Fastest way to remove duplicate documents in mongodb

Question

I have approximately 1.7M documents in mongodb (in future 10m+). Some of them represent duplicate entry which I do not want. Structure of document is something like this:

{
    _id: 14124412,
    nodes: [
        12345,
        54321
        ],
    name: "Some beauty"
}

Document is duplicate if it has at least one node same as another document with same name. What is the fastest way to remove duplicates?

Answer 1

Assuming you want to permanently delete docs that contain a duplicate name + nodes entry from the collection, you can add a unique index with the dropDups: true option:

db.test.ensureIndex({name: 1, nodes: 1}, {unique: true, dropDups: true}) 

As the docs say, use extreme caution with this as it will delete data from your database. Back up your database first in case it doesn't do exactly as you're expecting.

UPDATE

This solution is only valid through MongoDB 2.x as the dropDups option is no longer available in 3.0 (docs).

Answer 2

dropDups: true option is not available in 3.0.

I have solution with aggregation framework for collecting duplicates and then removing in one go.

It might be somewhat slower than system level "index" changes. But it is good by considering way you want to remove duplicate documents.

a. Remove all documents in one go

var duplicates = [];

db.collectionName.aggregate([
  { $match: { 
    name: { "$ne": '' }  // discard selection criteria
  }},
  { $group: { 
    _id: { name: "$name"}, // can be grouped on multiple properties 
    dups: { "$addToSet": "$_id" }, 
    count: { "$sum": 1 } 
  }}, 
  { $match: { 
    count: { "$gt": 1 }    // Duplicates considered as count greater than one
  }}
],
{allowDiskUse: true}       // For faster processing if set is larger
)               // You can display result until this and check duplicates 
.forEach(function(doc) {
    doc.dups.shift();      // First element skipped for deleting
    doc.dups.forEach( function(dupId){ 
        duplicates.push(dupId);   // Getting all duplicate ids
        }
    )    
})

// If you want to Check all "_id" which you are deleting else print statement not needed
printjson(duplicates);     

// Remove all duplicates in one go    
db.collectionName.remove({_id:{$in:duplicates}})  

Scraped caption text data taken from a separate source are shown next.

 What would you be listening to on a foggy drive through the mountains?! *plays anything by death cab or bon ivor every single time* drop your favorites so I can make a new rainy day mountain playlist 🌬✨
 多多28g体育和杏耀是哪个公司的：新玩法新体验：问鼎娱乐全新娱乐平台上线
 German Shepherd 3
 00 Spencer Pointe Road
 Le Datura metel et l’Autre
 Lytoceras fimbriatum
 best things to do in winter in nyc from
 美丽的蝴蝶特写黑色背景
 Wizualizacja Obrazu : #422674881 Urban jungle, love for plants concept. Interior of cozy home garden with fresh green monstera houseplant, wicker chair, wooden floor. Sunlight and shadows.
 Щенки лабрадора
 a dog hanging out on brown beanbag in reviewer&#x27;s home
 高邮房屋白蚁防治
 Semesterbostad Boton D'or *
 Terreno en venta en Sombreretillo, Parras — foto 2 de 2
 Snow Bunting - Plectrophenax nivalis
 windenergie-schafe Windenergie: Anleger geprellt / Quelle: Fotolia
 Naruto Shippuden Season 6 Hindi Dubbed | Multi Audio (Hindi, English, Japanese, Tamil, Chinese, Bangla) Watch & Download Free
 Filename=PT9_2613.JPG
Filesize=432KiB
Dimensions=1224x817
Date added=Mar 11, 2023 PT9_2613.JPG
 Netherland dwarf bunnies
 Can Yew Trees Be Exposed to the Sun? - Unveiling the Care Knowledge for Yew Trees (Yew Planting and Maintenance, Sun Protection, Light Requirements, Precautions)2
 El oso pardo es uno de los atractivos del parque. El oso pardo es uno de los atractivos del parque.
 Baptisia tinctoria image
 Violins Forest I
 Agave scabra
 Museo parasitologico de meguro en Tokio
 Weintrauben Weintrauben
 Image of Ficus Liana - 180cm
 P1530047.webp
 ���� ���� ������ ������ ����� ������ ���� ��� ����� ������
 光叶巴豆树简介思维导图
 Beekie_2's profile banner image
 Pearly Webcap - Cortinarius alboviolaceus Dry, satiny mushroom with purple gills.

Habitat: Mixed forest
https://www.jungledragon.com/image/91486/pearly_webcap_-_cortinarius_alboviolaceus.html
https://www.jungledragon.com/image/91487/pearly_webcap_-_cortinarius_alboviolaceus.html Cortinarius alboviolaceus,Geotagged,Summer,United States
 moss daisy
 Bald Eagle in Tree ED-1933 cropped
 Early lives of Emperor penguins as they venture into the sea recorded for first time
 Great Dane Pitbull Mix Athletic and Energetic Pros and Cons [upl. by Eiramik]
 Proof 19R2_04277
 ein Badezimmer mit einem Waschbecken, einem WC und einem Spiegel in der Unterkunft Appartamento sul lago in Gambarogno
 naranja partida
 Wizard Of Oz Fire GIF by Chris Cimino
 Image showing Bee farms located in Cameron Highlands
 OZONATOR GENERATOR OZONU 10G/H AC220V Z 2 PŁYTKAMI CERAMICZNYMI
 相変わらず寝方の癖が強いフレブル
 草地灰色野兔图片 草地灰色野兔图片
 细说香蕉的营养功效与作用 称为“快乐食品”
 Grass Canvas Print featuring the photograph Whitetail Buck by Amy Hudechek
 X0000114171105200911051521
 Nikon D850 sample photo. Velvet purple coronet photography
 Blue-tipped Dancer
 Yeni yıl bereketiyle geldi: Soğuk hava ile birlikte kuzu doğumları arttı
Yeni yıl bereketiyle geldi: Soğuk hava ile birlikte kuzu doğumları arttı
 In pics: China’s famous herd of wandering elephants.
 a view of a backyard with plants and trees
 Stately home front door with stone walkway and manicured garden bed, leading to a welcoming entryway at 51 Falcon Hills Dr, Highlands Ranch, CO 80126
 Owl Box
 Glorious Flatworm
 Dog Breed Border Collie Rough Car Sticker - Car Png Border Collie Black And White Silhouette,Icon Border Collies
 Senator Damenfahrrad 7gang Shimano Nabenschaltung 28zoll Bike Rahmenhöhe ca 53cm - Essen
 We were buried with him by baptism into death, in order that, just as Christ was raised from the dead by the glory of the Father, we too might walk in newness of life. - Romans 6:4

b. You can delete documents one by one.

db.collectionName.aggregate([
  // discard selection criteria, You can remove "$match" section if you want
  { $match: { 
    source_references.key: { "$ne": '' }  
  }},
  { $group: { 
    _id: { source_references.key: "$source_references.key"}, // can be grouped on multiple properties 
    dups: { "$addToSet": "$_id" }, 
    count: { "$sum": 1 } 
  }}, 
  { $match: { 
    count: { "$gt": 1 }    // Duplicates considered as count greater than one
  }}
],
{allowDiskUse: true}       // For faster processing if set is larger
)               // You can display result until this and check duplicates 
.forEach(function(doc) {
    doc.dups.shift();      // First element skipped for deleting
    db.collectionName.remove({_id : {$in: doc.dups }});  // Delete remaining duplicates
})

Answer 3

Create collection dump with mongodump

Clear collection

Add unique index

Restore collection with mongorestore

Answer 4

I found this solution that works with MongoDB 3.4: I'll assume the field with duplicates is called fieldX

db.collection.aggregate([
{
    // only match documents that have this field
    // you can omit this stage if you don't have missing fieldX
    $match: {"fieldX": {$nin:[null]}}  
},
{
    $group: { "_id": "$fieldX", "doc" : {"$first": "$$ROOT"}}
},
{
    $replaceRoot: { "newRoot": "$doc"}
}
],
{allowDiskUse:true})

Being new to mongoDB, I spent a lot of time and used other lengthy solutions to find and delete duplicates. However, I think this solution is neat and easy to understand.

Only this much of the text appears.